[EXERCISE INPUT]

----------

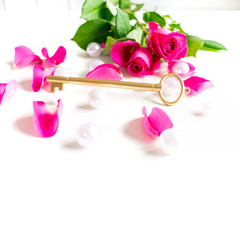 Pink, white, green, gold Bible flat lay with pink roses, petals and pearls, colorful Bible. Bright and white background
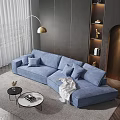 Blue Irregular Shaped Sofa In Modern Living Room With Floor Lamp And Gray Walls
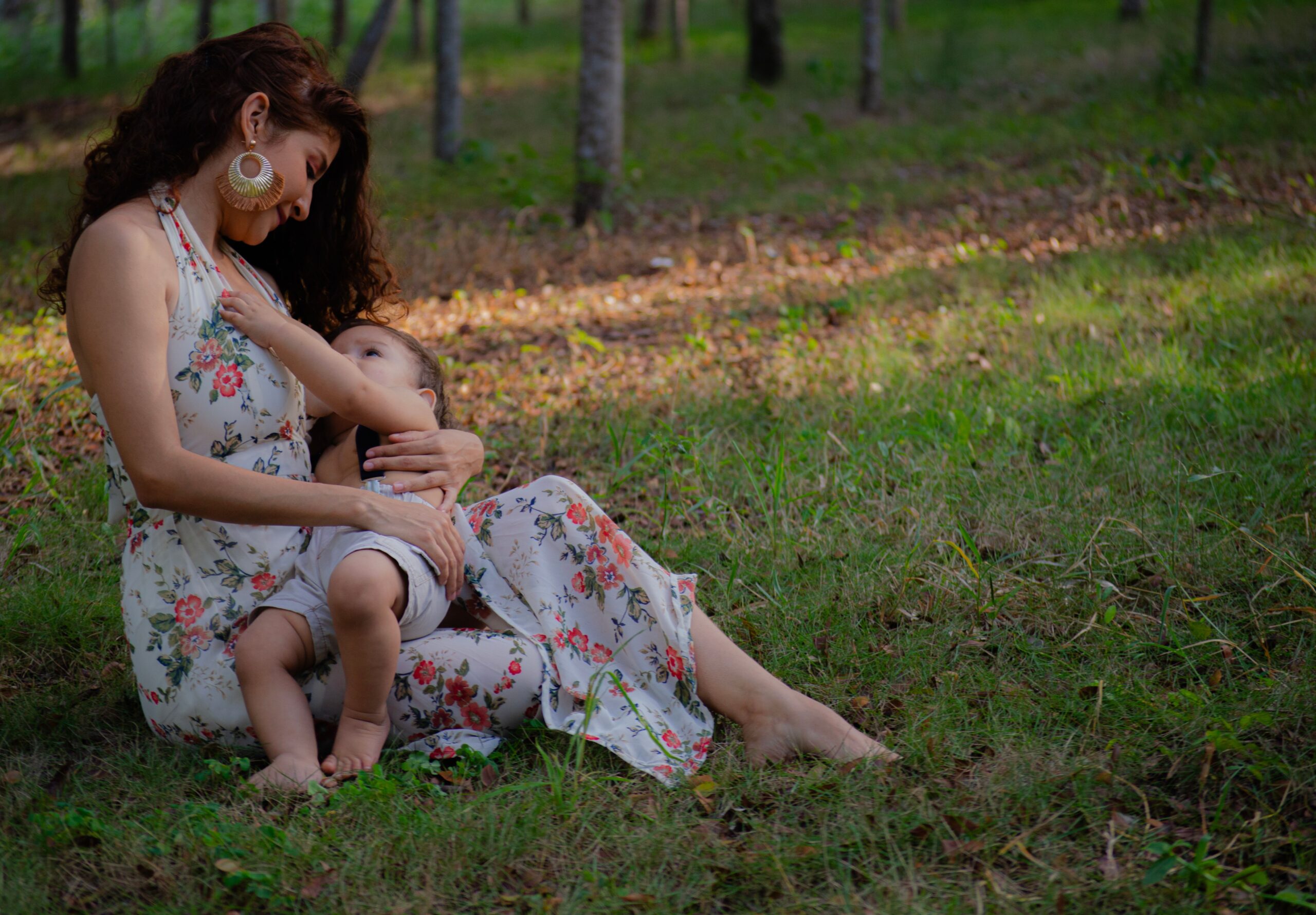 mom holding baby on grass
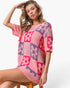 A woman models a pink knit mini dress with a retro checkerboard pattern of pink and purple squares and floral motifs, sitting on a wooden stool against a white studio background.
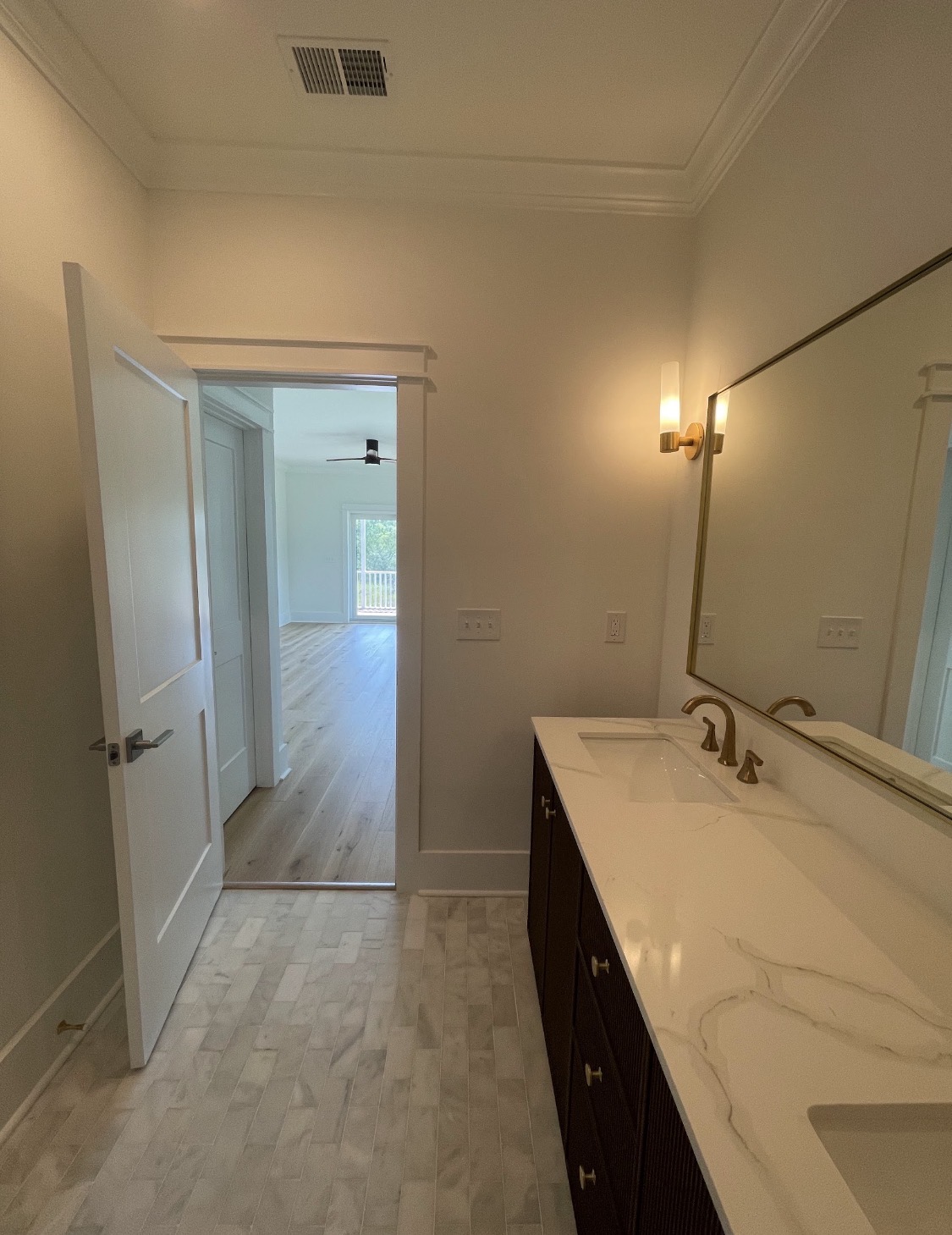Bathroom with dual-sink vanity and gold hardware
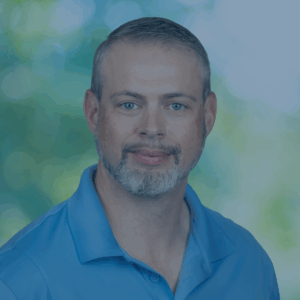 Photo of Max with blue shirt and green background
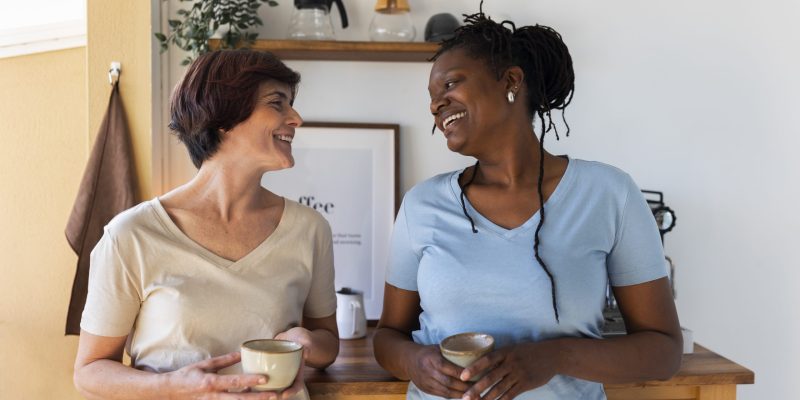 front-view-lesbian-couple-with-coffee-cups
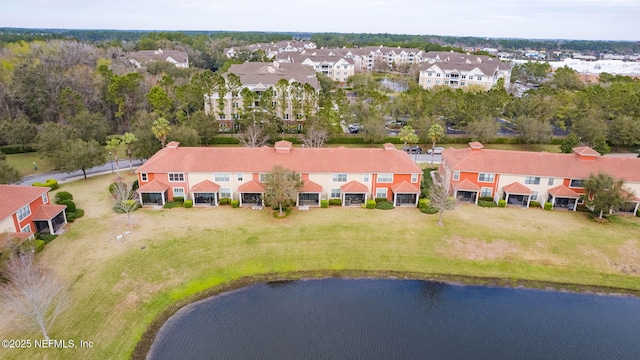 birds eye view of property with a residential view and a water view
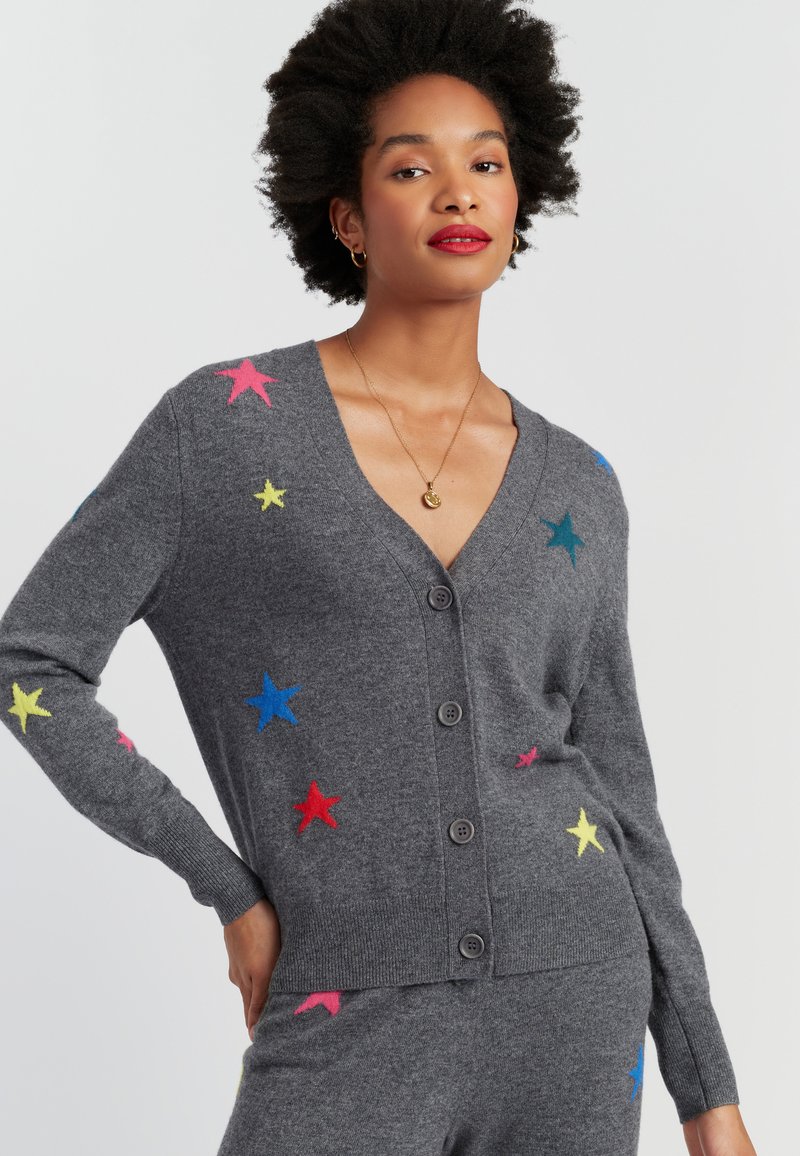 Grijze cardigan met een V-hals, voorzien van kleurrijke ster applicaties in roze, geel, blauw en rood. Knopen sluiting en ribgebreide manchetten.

----------

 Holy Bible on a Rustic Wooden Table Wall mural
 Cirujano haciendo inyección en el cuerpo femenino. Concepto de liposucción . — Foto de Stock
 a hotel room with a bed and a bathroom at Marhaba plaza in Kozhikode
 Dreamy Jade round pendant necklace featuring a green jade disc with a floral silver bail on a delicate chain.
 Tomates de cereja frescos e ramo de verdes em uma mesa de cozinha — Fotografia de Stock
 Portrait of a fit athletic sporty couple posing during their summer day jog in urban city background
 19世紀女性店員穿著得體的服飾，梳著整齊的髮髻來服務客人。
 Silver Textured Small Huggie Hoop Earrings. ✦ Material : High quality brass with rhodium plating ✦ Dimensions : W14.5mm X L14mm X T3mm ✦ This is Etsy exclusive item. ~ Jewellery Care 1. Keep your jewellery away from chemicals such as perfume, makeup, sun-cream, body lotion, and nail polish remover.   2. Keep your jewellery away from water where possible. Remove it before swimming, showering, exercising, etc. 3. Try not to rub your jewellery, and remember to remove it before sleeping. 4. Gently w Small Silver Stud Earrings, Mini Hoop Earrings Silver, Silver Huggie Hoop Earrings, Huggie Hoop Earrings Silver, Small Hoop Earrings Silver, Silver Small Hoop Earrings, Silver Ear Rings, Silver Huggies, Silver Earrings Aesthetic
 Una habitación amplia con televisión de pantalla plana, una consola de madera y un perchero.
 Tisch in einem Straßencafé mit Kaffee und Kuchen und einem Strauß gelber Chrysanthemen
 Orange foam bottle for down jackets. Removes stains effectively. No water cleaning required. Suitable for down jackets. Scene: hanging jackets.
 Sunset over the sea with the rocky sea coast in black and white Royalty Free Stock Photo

----------

[YOUR OBJECTIVE]
Could you output exactly the lines above, from the line with "Pink, white, green, gold" up to and including the line with "Grijze cardigan met", and nothing else, skipping the pictures?

[TASK OUTPUT]
 Pink, white, green, gold Bible flat lay with pink roses, petals and pearls, colorful Bible. Bright and white background
 Blue Irregular Shaped Sofa In Modern Living Room With Floor Lamp And Gray Walls
 mom holding baby on grass
 A woman models a pink knit mini dress with a retro checkerboard pattern of pink and purple squares and floral motifs, sitting on a wooden stool against a white studio background.
Bathroom with dual-sink vanity and gold hardware
 Photo of Max with blue shirt and green background
 front-view-lesbian-couple-with-coffee-cups
 birds eye view of property with a residential view and a water view
 Grijze cardigan met een V-hals, voorzien van kleurrijke ster applicaties in roze, geel, blauw en rood. Knopen sluiting en ribgebreide manchetten.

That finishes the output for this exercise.